Lottie shot a glance at the lamp by which she’d been reading. “Damn,” she cursed under her breath. “Why’d I have to—”
“Hello? How do
in there,” he called again.
“I asked after who had come to my door,” Lottie said, louder this time.
“Oh, uh, right, name’s Colton Howe.”
“You’re no soldier are you?” She didn’t know why she asked that, but it seemed appropriate. And anyway, her father had warned her about soldiers and their appetites.
“Uh, no ma’am, no I’m not. I’m a cattleman from down the panhandle some. I’m making my way up north, but the wind is something fierce and I’m a bit worried about,” he trailed off for a second. Something leaned against the door and the man outside sighed deeply. “I’m terribly sorry to bother you, especially at such an hour, but if there’s any way I could come in, I’d be much obliged. And if I could quarter my horse somewhere, that’d be just a treat.”
Lottie leaned over and unlatched the door. His voice sounded honest enough, and she had a gun leveled at the door for insurance of his politeness. The chances of someone dodging a double load of buckshot were slim, even if it did launch her backwards when she shot the thing.
“Thank you ma’am, I am much obli—”
The gun prodded his chest. “How do I know you ain’t got any funny ideas?”
“I suppose you don’t,” he said. He gave her a devilish grin at the same time as he stuck his hands on the air.
Colton had two or three days’ worth of stubble growth, and his hat was pushed back on his head to reveal a pair of striking green eyes, and a shock of dark hair brushed off his forehead.

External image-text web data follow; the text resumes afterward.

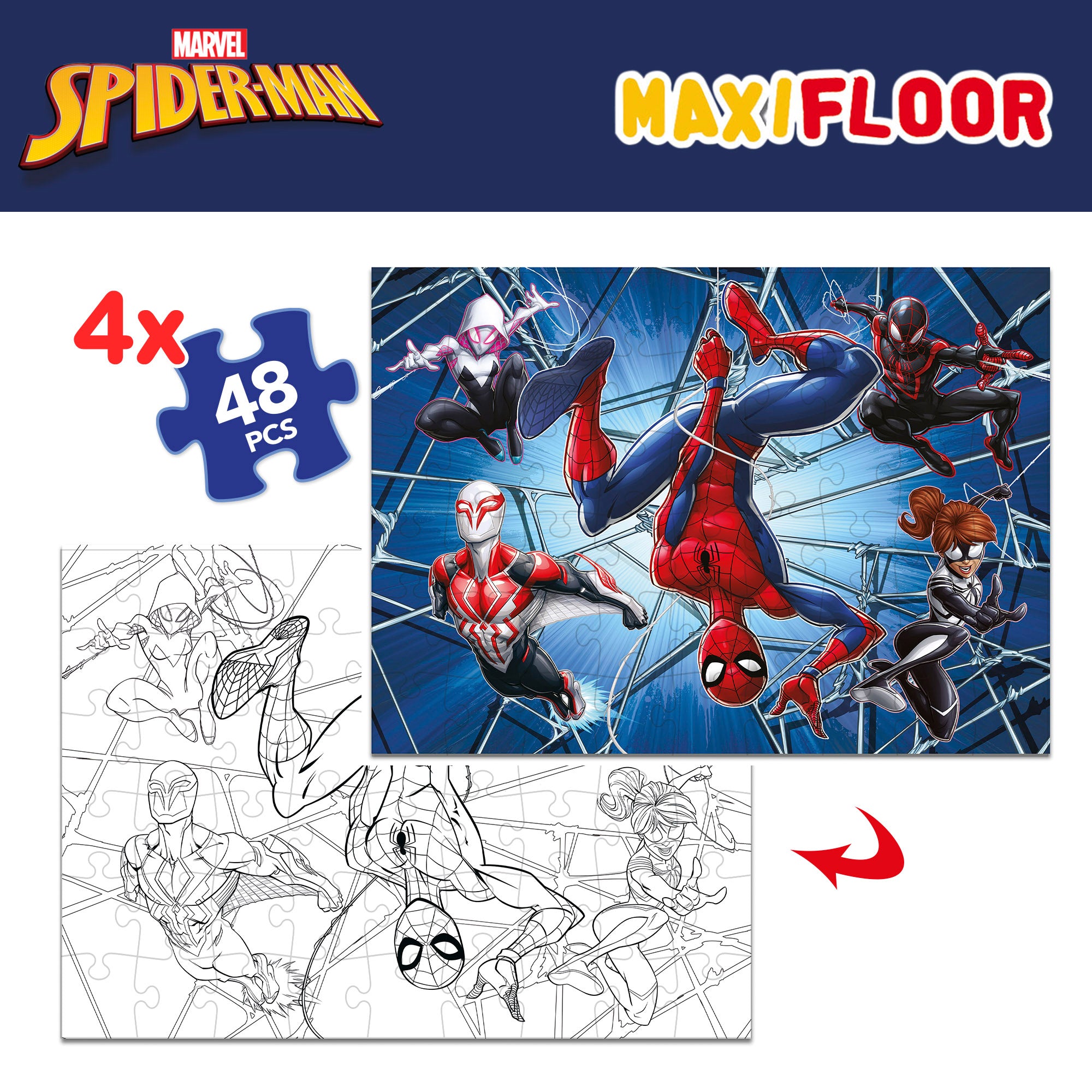 Spider-Man Pack 4 puzzles doble cara para colorear 48 piezas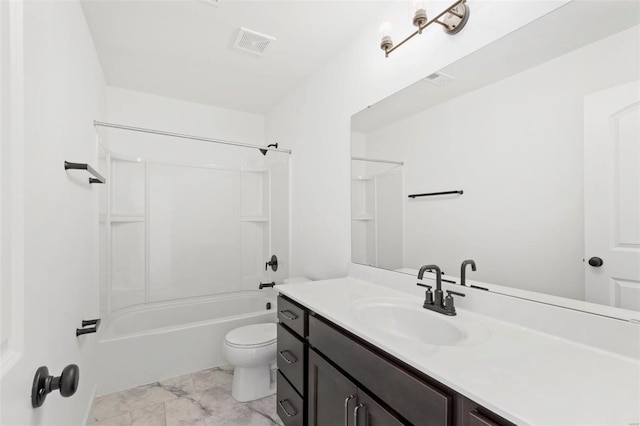 full bathroom featuring vanity, toilet, and shower / tub combination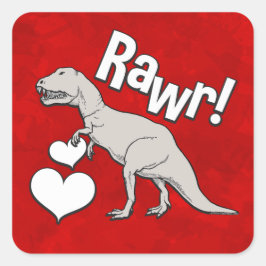 Rawr Tyrannosaurus T Rex Valentine's Day Kids Boys Quadratischer Aufkleber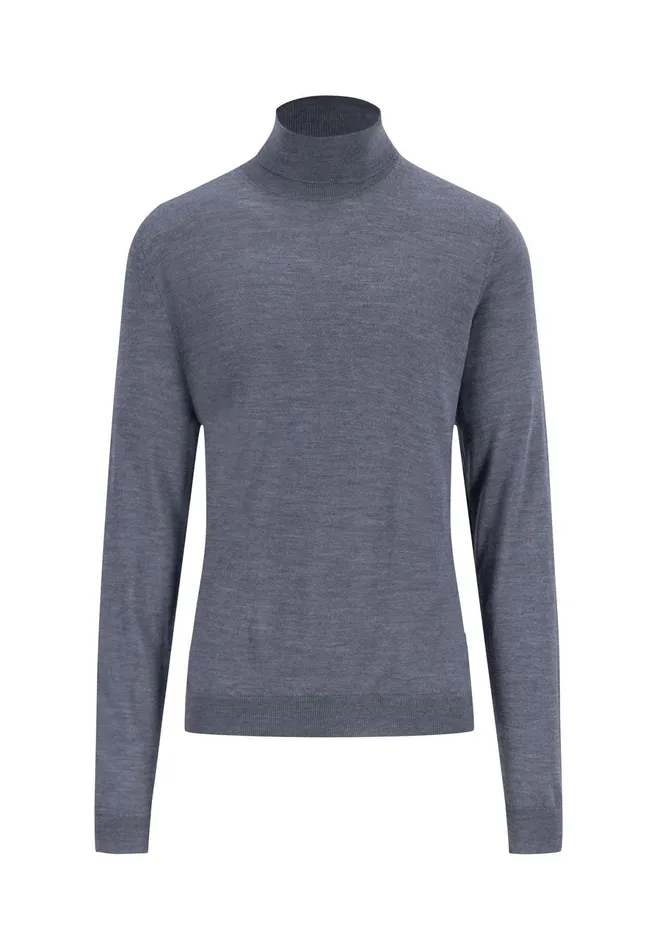 Sale Men FYNCHHATTON Merino Wool Knit Sweater Steelblackwalnut Brownnavy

Lottie stared at him for a moment, searching for some sign of his intentions, but all she found was an easy smile that put her to an almost frightening ease, and a dimpled chin that made her heart flutter.
“Oh,” she said. “I don’t believe I,” a furious blush covered her cheeks.
Colton took a step forward, and she stuck the gun right in his gut. “I’m still not convinced,” she said, getting her bearings after being disarmed with his charm.
“I swear it’s true,” he said with a silky sort of calmness in his voice. “Rode three hundred miles or so. Been sleeping under the stars, but I don’t think my horse can handle this dirt and dust blowing around. Look how much misery there is on his face.”